## Load and Extract Raw Data from API

This notebook extracts pollutant data from an API, preprocesses it, and prepares it for analysis. The data includes various air quality metrics such as PM2.5, PM10, NO2, O3, and CO levels. After fetching the data, we handle any missing or inconsistent values and convert the data into a structured format. Summary statistics provide a quick overview, while visualizations like line plots and bar charts help explore trends and anomalies.

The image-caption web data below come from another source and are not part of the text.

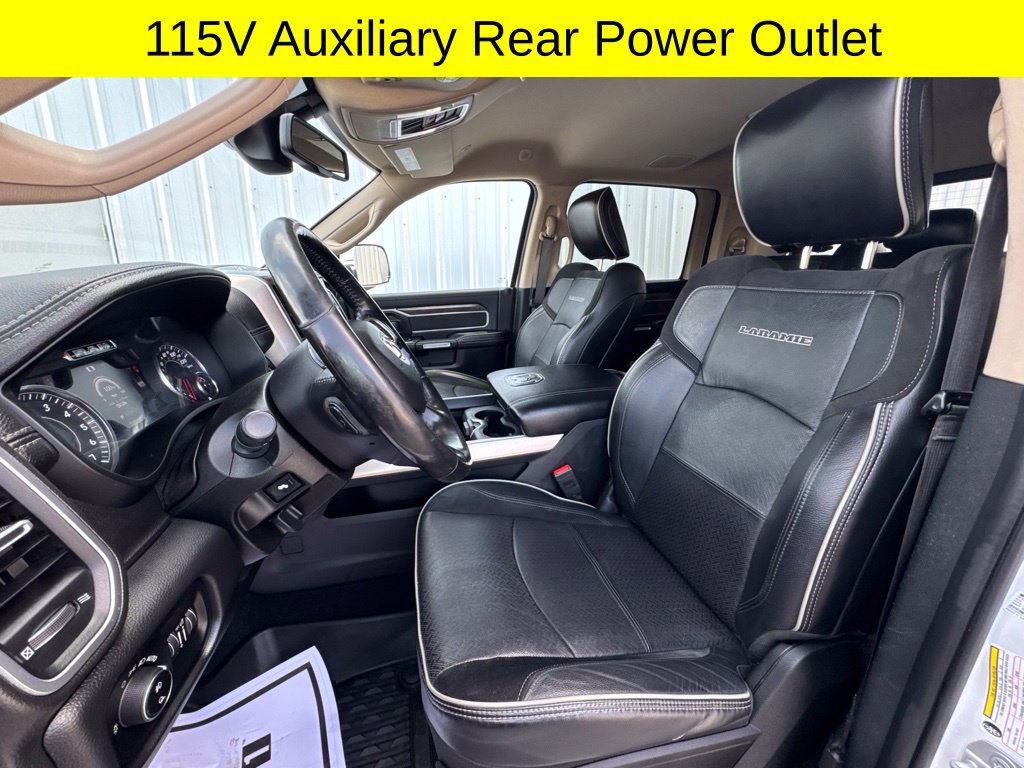 Used 2019 RAM 2500 Laramie AWD/4WD image 17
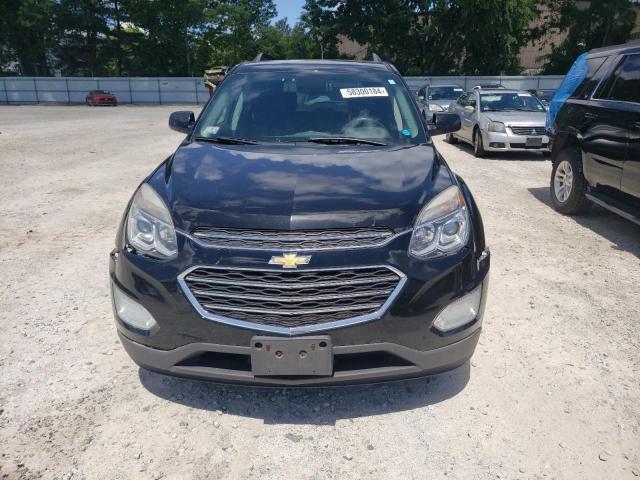  CHEVROLET EQUINOX 2017 Черный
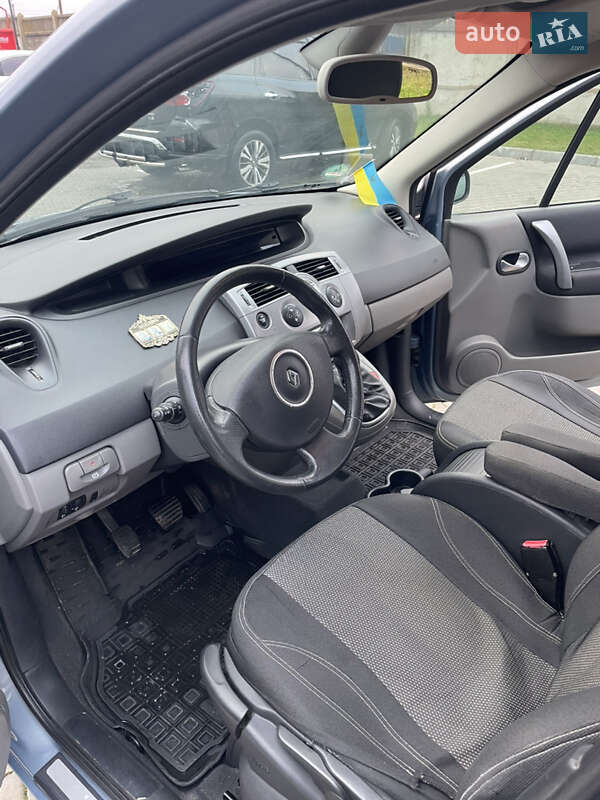 Минивэн Renault Scenic 2006 в Виннице фото 11 Минивэн Renault Scenic 2006 в Виннице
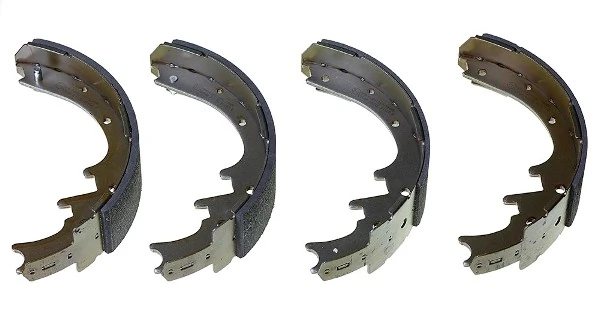 S24554 Brembo Sapatas do freio traseiras de tambor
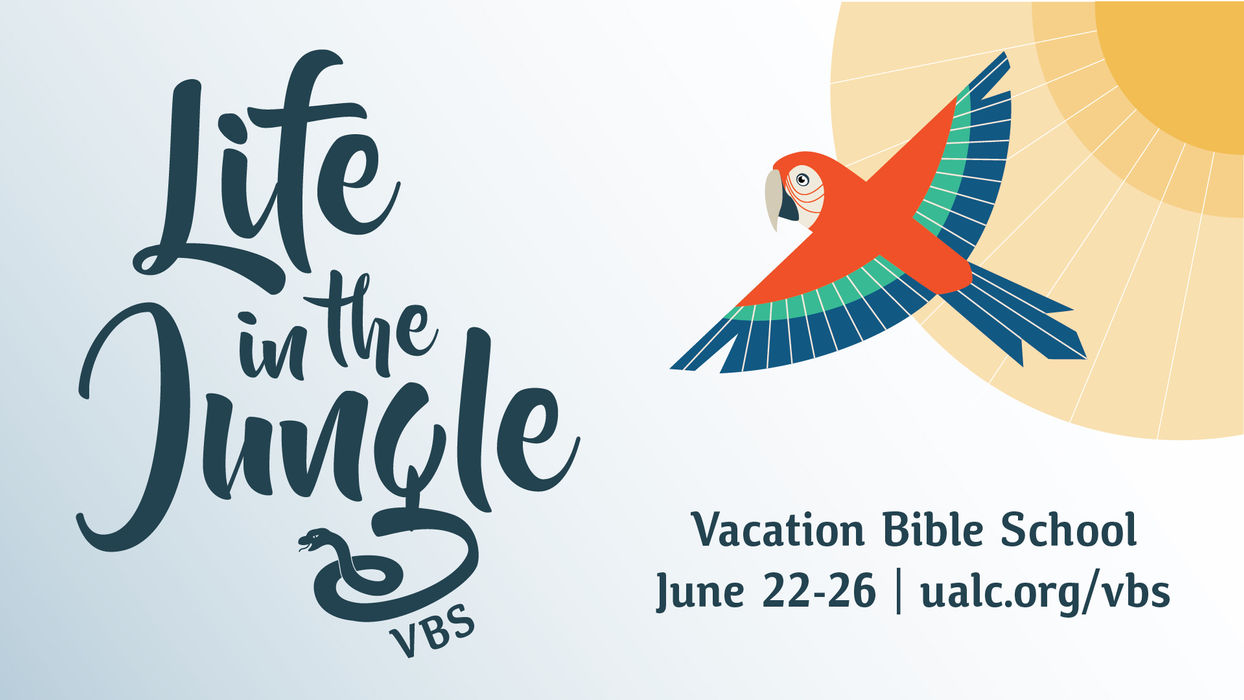 Register for VBS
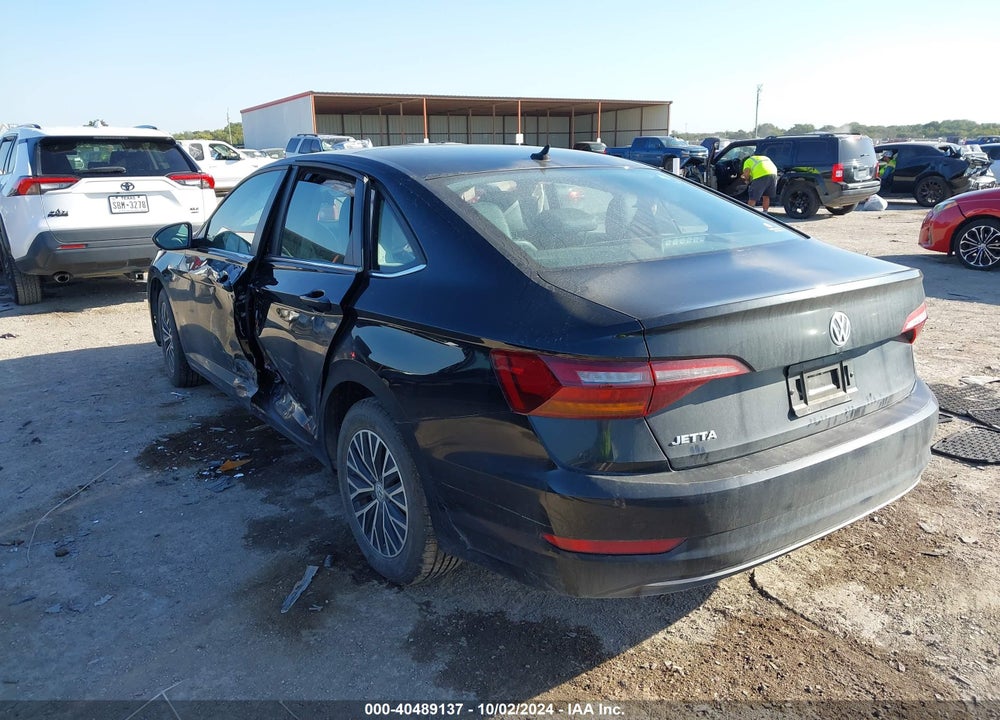 2019 VOLKSWAGEN JETTA 1.4T R-LINE/1.4T S/1.4T SE VIN: 3VWC57BUXKM069962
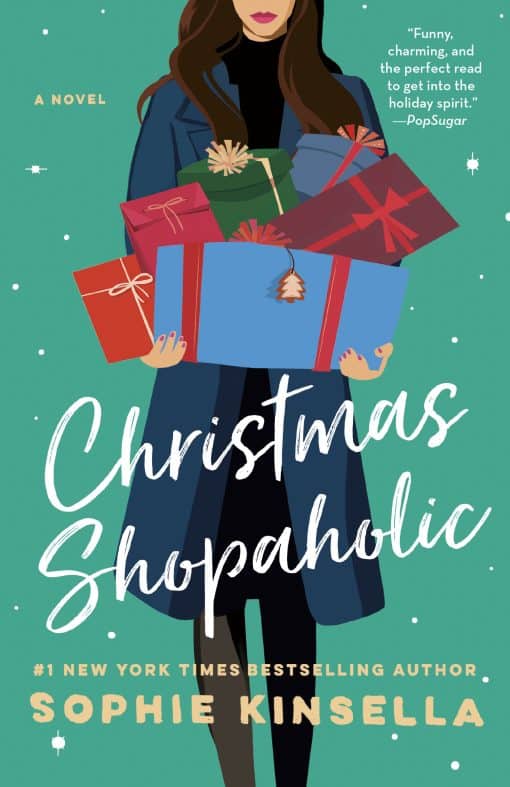 A Novel: Christmas Shopaholic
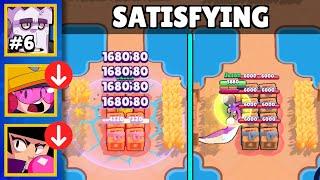 The BEST Way To Destroy 8 Boxes | Satisfying | Brawl Stars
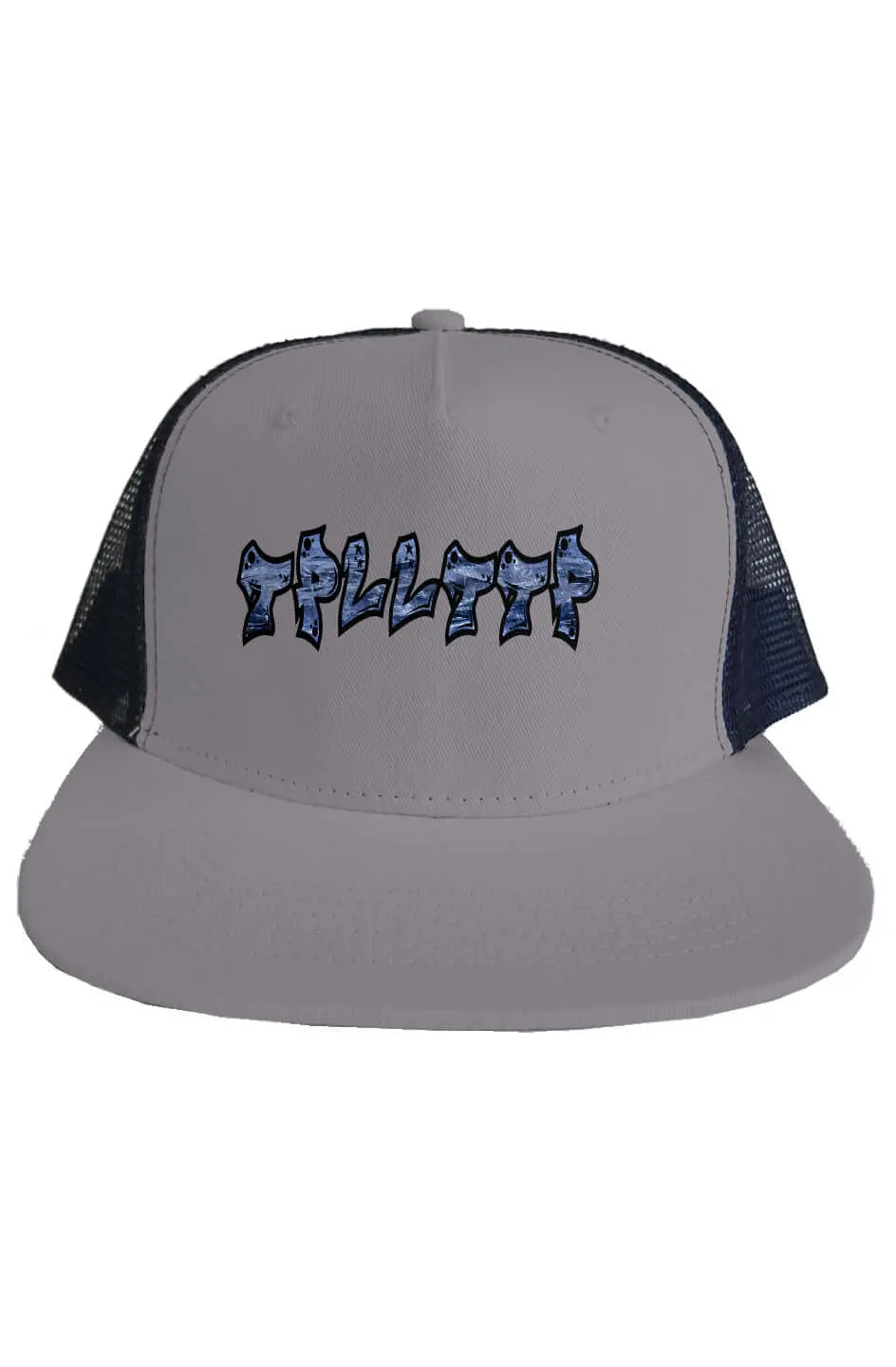 Tpllttp trucker mesh hat-One Kind Soul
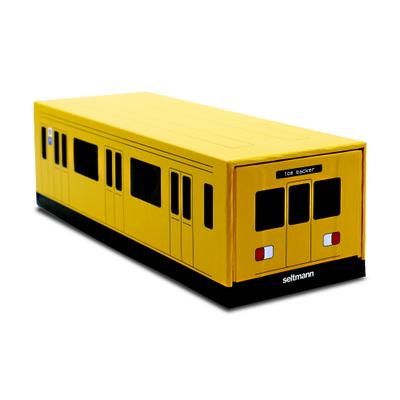 Berliner U-Bahn Memospiel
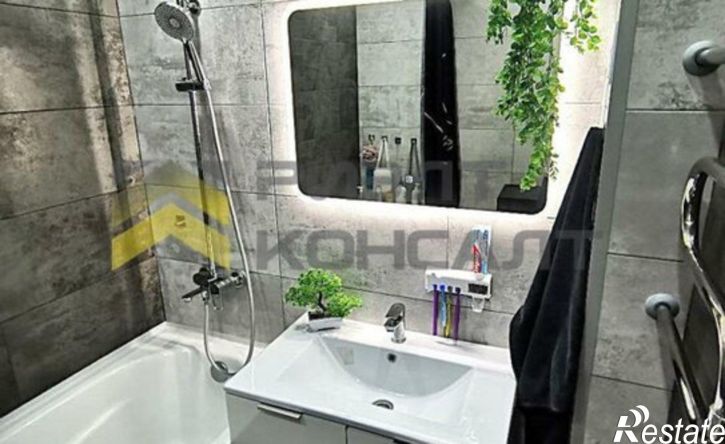 3-комн квартира ул 21-я Амурская, 43 3,  д. 43 3,  к. 3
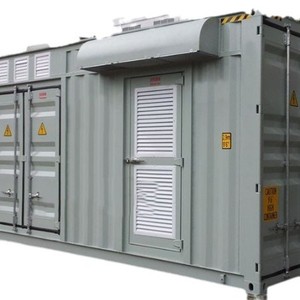 Conteneur Électrique Mobile Antidéflagrant pour Équipement Spécial de Secours d'Urgence, Laboratoire, Hôpital et Véhicule - Product Image 5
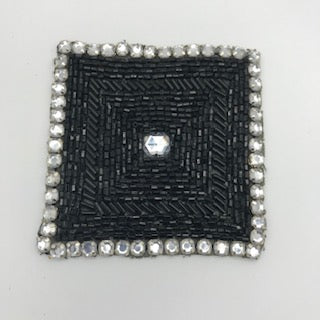 Beaded Sew on Applique Motifs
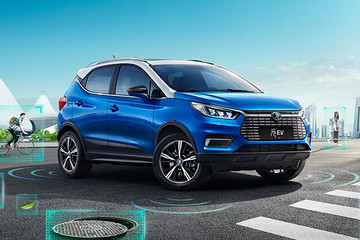 续航超400公里，性价比不错10万出头就能买，这几款SUV值得推荐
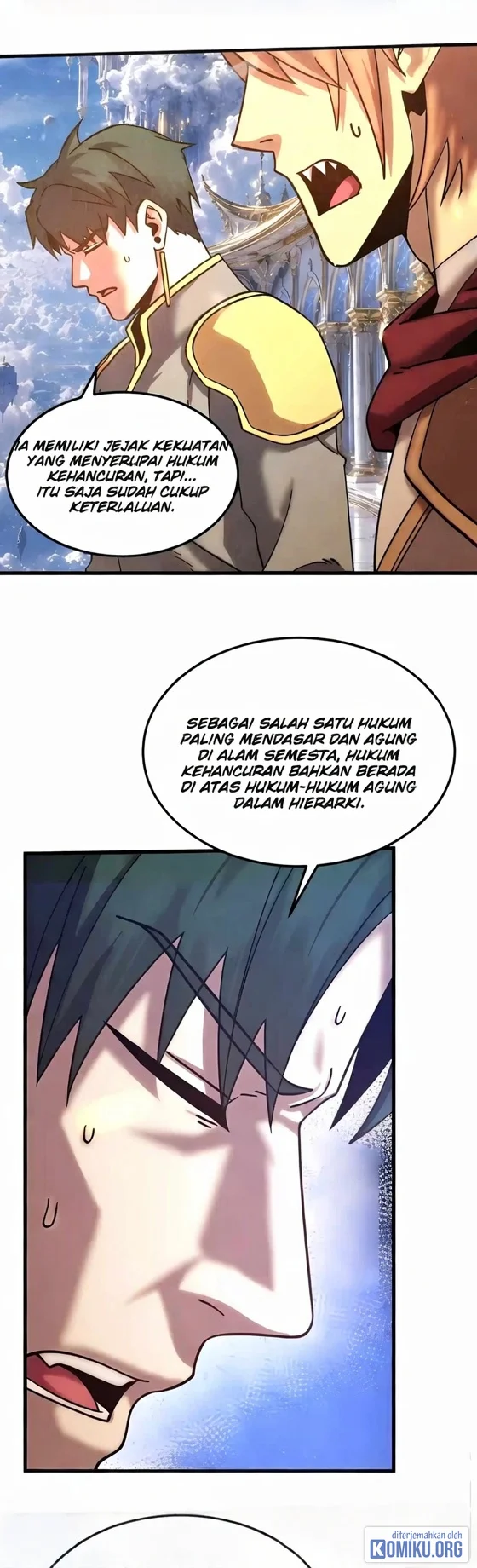 Apex Future Martial Arts Chapter 349 Halaman 31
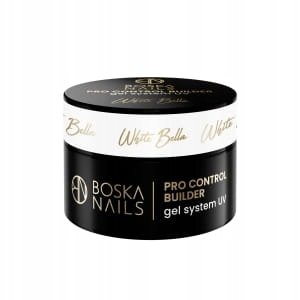 Boska Nails, Pro Control, Żel budujący White Bella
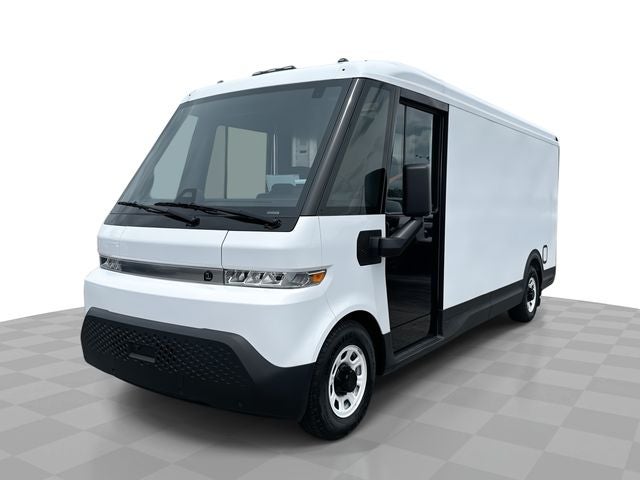 2024 BrightDrop Zevo 600 Base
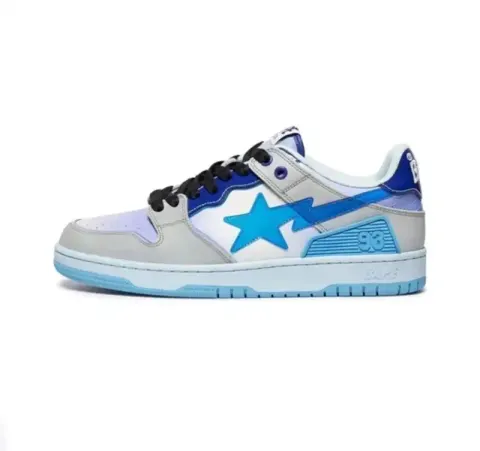 Bape SK8 ( Tons Of Colorways ) option Blue gradient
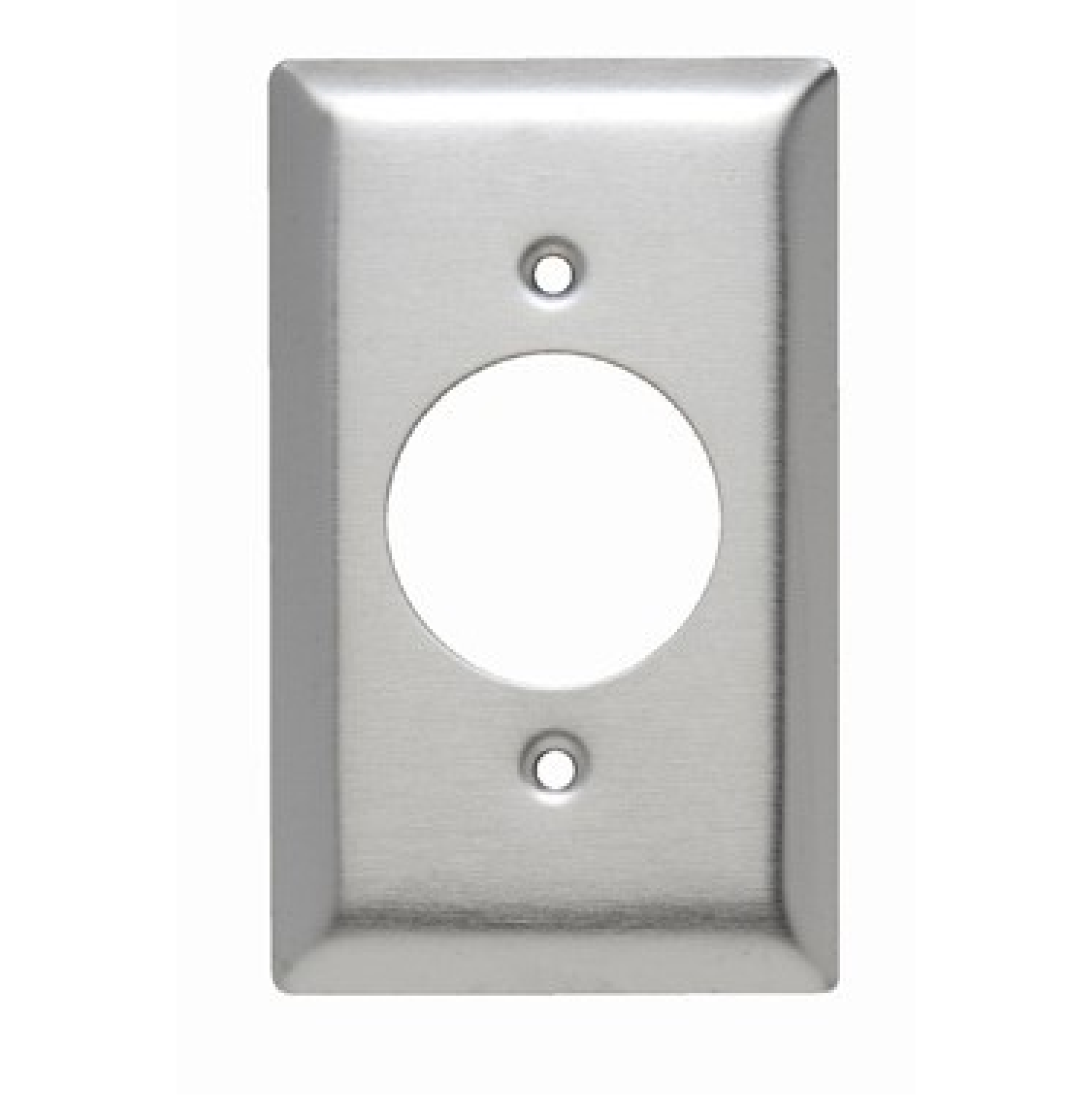 TAPA TOMA METALICA TURNLOK NEMA LEVITON 84020-40 / LEGRAND SS720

This ensures the dataset is clean, consistent, and ready for further analysis or modeling.

In [1]:
import urllib
import json
import pandas as pd
from pandas import DataFrame, Series

import numpy as np
import os
import plotly.express as px
import plotly.graph_objects as go

import warnings
warnings.filterwarnings("ignore", category=FutureWarning)
warnings.filterwarnings("ignore", category=DeprecationWarning)

In [4]:
# get HTTP Response from url
url = "https://datenhub.ulm.de/ckan/api/3/action/datastore_search?resource_id=b49de35e-040c-4530-9208-eefadc97b610&limit=300000" 
response = urllib.request.urlopen(url)
assert response.code == 200

# convert HTTP Response to json
string = response.read().decode("utf-8")
response_dict = json.loads(string)
assert response_dict["success"] is True

# convert JSON object to dataframe
created_package = response_dict["result"]
df_raw = pd.DataFrame.from_dict(created_package["records"])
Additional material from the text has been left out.